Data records
####################

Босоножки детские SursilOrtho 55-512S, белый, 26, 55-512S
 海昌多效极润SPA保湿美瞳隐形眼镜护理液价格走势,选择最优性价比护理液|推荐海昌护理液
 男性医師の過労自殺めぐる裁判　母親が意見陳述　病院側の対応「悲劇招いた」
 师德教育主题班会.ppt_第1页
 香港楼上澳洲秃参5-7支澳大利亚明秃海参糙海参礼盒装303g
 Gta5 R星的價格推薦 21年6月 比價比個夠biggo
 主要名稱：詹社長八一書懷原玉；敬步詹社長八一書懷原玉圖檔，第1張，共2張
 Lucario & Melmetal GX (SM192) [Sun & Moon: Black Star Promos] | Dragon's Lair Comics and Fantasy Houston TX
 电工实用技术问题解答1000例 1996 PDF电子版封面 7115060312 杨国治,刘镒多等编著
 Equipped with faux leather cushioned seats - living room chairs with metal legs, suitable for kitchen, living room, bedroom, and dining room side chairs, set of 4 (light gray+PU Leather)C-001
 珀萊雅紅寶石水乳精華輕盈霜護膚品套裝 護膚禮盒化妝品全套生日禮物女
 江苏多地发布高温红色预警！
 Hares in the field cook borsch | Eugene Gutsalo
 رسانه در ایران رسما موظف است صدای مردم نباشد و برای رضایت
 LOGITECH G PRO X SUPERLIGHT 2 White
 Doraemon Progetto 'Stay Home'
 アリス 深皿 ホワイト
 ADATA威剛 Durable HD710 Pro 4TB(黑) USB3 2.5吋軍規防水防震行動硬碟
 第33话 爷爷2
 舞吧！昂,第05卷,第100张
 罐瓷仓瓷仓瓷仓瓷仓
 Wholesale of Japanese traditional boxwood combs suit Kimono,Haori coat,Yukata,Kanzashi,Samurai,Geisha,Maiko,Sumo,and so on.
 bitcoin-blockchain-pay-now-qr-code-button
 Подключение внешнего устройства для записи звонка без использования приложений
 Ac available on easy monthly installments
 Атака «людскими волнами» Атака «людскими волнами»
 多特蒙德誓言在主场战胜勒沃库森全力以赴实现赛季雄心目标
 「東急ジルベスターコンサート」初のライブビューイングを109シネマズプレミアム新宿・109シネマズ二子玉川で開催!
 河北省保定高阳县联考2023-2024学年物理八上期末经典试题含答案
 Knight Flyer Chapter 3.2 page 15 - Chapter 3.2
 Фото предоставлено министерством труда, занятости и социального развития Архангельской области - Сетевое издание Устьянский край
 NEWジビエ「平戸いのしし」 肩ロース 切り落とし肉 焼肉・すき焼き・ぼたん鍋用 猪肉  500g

####################

YOUR GOAL.
Working from the data above, extract solely the lines from the one containing "男性医師の過労自殺めぐる裁判　母親が意見陳述　病院側の対応「悲劇招いた」" through the one containing "Equipped with faux", exactly as they appear, both included.

OUTPUT BELOW.
 男性医師の過労自殺めぐる裁判　母親が意見陳述　病院側の対応「悲劇招いた」
 师德教育主题班会.ppt_第1页
 香港楼上澳洲秃参5-7支澳大利亚明秃海参糙海参礼盒装303g
 Gta5 R星的價格推薦 21年6月 比價比個夠biggo
 主要名稱：詹社長八一書懷原玉；敬步詹社長八一書懷原玉圖檔，第1張，共2張
 Lucario & Melmetal GX (SM192) [Sun & Moon: Black Star Promos] | Dragon's Lair Comics and Fantasy Houston TX
 电工实用技术问题解答1000例 1996 PDF电子版封面 7115060312 杨国治,刘镒多等编著
 Equipped with faux leather cushioned seats - living room chairs with metal legs, suitable for kitchen, living room, bedroom, and dining room side chairs, set of 4 (light gray+PU Leather)C-001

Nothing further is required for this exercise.